Thanks for the reply! Although at $99 the RAK833 does work out cheaper than your board by the time you have added GPS and a PCB it costs more than your board by my calculations. Also, a big factor is your board is completely open source! Of course the RAK833 is a good future option and might become even cheaper as it becomes more widely used! It won’t fit on a Pi Zero like your new board though. and your board just has an aesthetic appeal to it (it looks good).
I have both your board and the RAK833. Both are very stable but I had to add an external GPS module to the RAK. Also getting a board with PCI-e and suitable for a gateway ends up taking the price much higher. Performance wise, they are at par but total cost of ownership of a complete gateway is lower with your board as @LouisP pointed out.
While the idea of a full config gateway on the RPi zero is attractive, what options for internet connectivity does the RPi Zero provide?
@aizukanne The Pi Zero W provides wifi and Bluetooth built in and USB ethernet adapters are available for all Pi Zeros. However, you may be limited by the processor for some projects, instead having to switch over to a Pi 3.
I think the processor is not really limit here, the CPU usage is very low for pkg forwarder .
The main reason is to build a tiny GW able to take around with me, and setup a test bench.
Pair with USB to RPI Zero makes it alot portable
Hey @will3509111 , I bought one of your new compact boards. It works great.
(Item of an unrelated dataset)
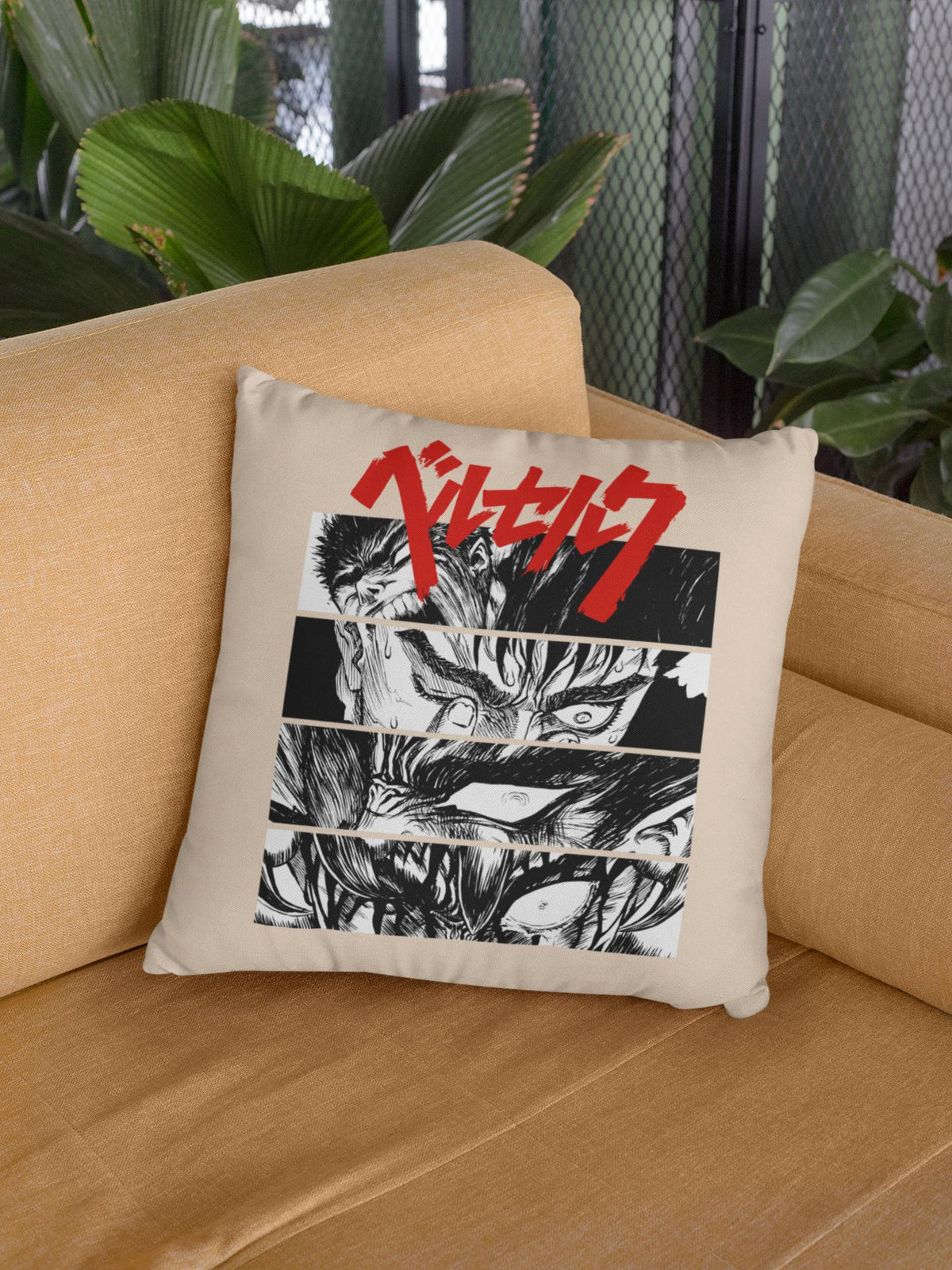 Nysekai "Gut X Rampage - Berserk" Pillow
However there is a single LED next to the header rpi header, labelled D6, what does it do? I can’t seem to find the schematics for the board on github.
Hi @txf,
D6 is just a LED connected to RPI’s GPIO21 (High -> on), because there’s some space left, I wanna have some indicator that is RPI controllable, it may be useful if you are gonna program on RPI zero.
Sch and Pcb will on Github later. Recently I watched eevblog’s video about sch files drawings,
I think I need some more work to clear up the sch files.
@will3509111, I have ordered one of your boards (same size as PiZero). While waiting for it to arrive, can you describe how well is the SX1308 thermally bonded to the PCB. I’m thinking of connecting a heatsink to the underside of the PCB to cool the SX1308.
Vias, a lot of Via under the chip.
There’s also a complete ground plane, which act as heat sink.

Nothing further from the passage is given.